Esir Şehir Üçlemesi 3. Kitap - Yol Ayrımı - Kemal Tahir

İlk iki kitapla arasında ani bir zaman atlamasıyla başlaması sebebiyle henüz(80 sayfada) kopukluk hissini bir türlü atamadım üzerimden. Serinin dinamiklerine az da olsa zarar vermiş bence. Çok kısa bir zaman aralığında geçen ilk iki kitaptan sonra(ki seri başladığında Mustafa Kemal Anadolu mücadelesine girişmiş bulunuyor ve ikinci kitabın sonunda ancak Kütahya Eskişehir muharebelerinin arefesine-esnasına kadar geliyoruz) üçüncü kitabın birden 1930’lar Serbest Cumhuriyet Fırkası’nın kuruluş dönemini işlemesi bende soru işaretleri yarattı. Kitap nereye evrilir bilemiyorum ancak kurtuluş mücadelesi döneminde geçen hikayemiz mutlaka Sakarya, Başkomutanlık muharebelerini ve cumhuriyetin kuruluşunu bize göstermeliydi.

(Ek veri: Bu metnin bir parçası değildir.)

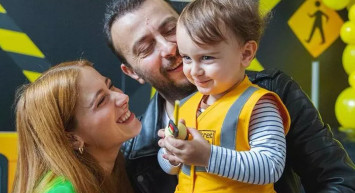 Ünlü Oyuncu Hazal Kaya ve Eşi Ali Atay Hayranlarını Üzecek O Haberi Sosyal Medyadan Duyurdu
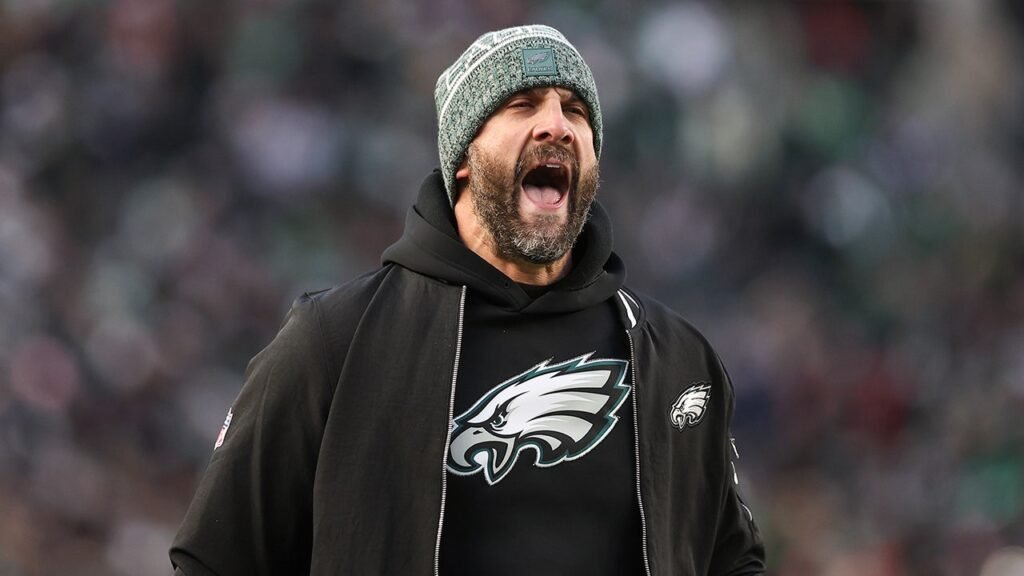 Eagles stars ‘block out the outside noise’ around coach Nick Sirianni amid criticism over tough season Eagles stars ‘block out the outside noise’ around coach Nick Sirianni amid criticism over tough season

Belki de gösteriyordur dediğim gibi, 80. sayfa itibariyle durum bu.

10 Beğeni

Kemal Tahir en sevdiğim yazarlardan biridir. Okumaktan keyif alırım. Ama yaşadığınız hayal kırıklığını bende yaşamıştım. Arada büyük bir kopukluk var hatta haddim olmayarak aceleye gelmiş olabileceğini bile düşünmüştüm. Tabii üçlemeyi bir bütün olarak kabul ettiğimi söylemeliyim. Hani bir söz vardır “Türk gibi başla Alman gibi devam ettir ve İngiliz gibi bitir” bu sözün haklı olduğuna inanmaya başladım. Bu arada benzer duyguyu Fakir Baykurt’un Onuncu Köy romanının sonlarında da hissetmiştim.

1 Beğeni

Aslında yazım zamanlarını ele alınca anlaşılıyor durum. Bu kitaba gelene kadar bir sürü daha roman yazıyor Kemal Tahir. Belki artık o dönemi değil biraz daha ilerisini işlemek istemiş olabilir bu yüzden.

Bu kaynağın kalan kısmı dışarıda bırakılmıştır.